- To do -
The lines below are to be quoted exactly, from the first through the one that contains "新品未開封 タカラトミー 人機一体ブットバスター ブッ飛ばしバトル".

☆ ☆ ☆ ☆ ☆

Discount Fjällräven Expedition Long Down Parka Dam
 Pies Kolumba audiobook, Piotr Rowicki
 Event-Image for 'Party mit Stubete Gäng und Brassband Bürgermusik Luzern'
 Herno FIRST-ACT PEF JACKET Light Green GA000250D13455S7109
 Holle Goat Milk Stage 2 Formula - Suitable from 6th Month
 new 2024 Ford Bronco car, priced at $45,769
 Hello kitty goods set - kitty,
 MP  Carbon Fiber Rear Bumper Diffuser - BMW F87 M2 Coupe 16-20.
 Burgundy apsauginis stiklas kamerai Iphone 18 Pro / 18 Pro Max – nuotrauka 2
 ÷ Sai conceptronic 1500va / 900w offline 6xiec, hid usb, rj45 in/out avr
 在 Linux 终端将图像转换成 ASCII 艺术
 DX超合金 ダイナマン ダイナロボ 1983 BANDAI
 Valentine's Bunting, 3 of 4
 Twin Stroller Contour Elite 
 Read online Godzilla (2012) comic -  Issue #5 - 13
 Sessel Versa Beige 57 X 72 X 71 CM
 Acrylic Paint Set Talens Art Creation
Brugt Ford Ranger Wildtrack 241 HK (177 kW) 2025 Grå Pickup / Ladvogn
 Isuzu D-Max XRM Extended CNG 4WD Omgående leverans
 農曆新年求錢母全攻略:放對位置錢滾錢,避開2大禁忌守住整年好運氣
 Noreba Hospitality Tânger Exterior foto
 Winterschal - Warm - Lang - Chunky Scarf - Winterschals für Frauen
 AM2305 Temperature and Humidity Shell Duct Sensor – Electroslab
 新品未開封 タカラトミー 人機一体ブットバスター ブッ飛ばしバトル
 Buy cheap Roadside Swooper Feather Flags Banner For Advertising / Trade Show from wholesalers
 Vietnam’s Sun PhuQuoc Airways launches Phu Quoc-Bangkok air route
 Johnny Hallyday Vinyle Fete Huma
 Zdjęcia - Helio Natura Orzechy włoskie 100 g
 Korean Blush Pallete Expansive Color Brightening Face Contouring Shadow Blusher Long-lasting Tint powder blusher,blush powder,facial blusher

☆ ☆ ☆ ☆ ☆

- Expected answer -
Discount Fjällräven Expedition Long Down Parka Dam
 Pies Kolumba audiobook, Piotr Rowicki
 Event-Image for 'Party mit Stubete Gäng und Brassband Bürgermusik Luzern'
 Herno FIRST-ACT PEF JACKET Light Green GA000250D13455S7109
 Holle Goat Milk Stage 2 Formula - Suitable from 6th Month
 new 2024 Ford Bronco car, priced at $45,769
 Hello kitty goods set - kitty,
 MP  Carbon Fiber Rear Bumper Diffuser - BMW F87 M2 Coupe 16-20.
 Burgundy apsauginis stiklas kamerai Iphone 18 Pro / 18 Pro Max – nuotrauka 2
 ÷ Sai conceptronic 1500va / 900w offline 6xiec, hid usb, rj45 in/out avr
 在 Linux 终端将图像转换成 ASCII 艺术
 DX超合金 ダイナマン ダイナロボ 1983 BANDAI
 Valentine's Bunting, 3 of 4
 Twin Stroller Contour Elite 
 Read online Godzilla (2012) comic -  Issue #5 - 13
 Sessel Versa Beige 57 X 72 X 71 CM
 Acrylic Paint Set Talens Art Creation
Brugt Ford Ranger Wildtrack 241 HK (177 kW) 2025 Grå Pickup / Ladvogn
 Isuzu D-Max XRM Extended CNG 4WD Omgående leverans
 農曆新年求錢母全攻略:放對位置錢滾錢,避開2大禁忌守住整年好運氣
 Noreba Hospitality Tânger Exterior foto
 Winterschal - Warm - Lang - Chunky Scarf - Winterschals für Frauen
 AM2305 Temperature and Humidity Shell Duct Sensor – Electroslab
 新品未開封 タカラトミー 人機一体ブットバスター ブッ飛ばしバトル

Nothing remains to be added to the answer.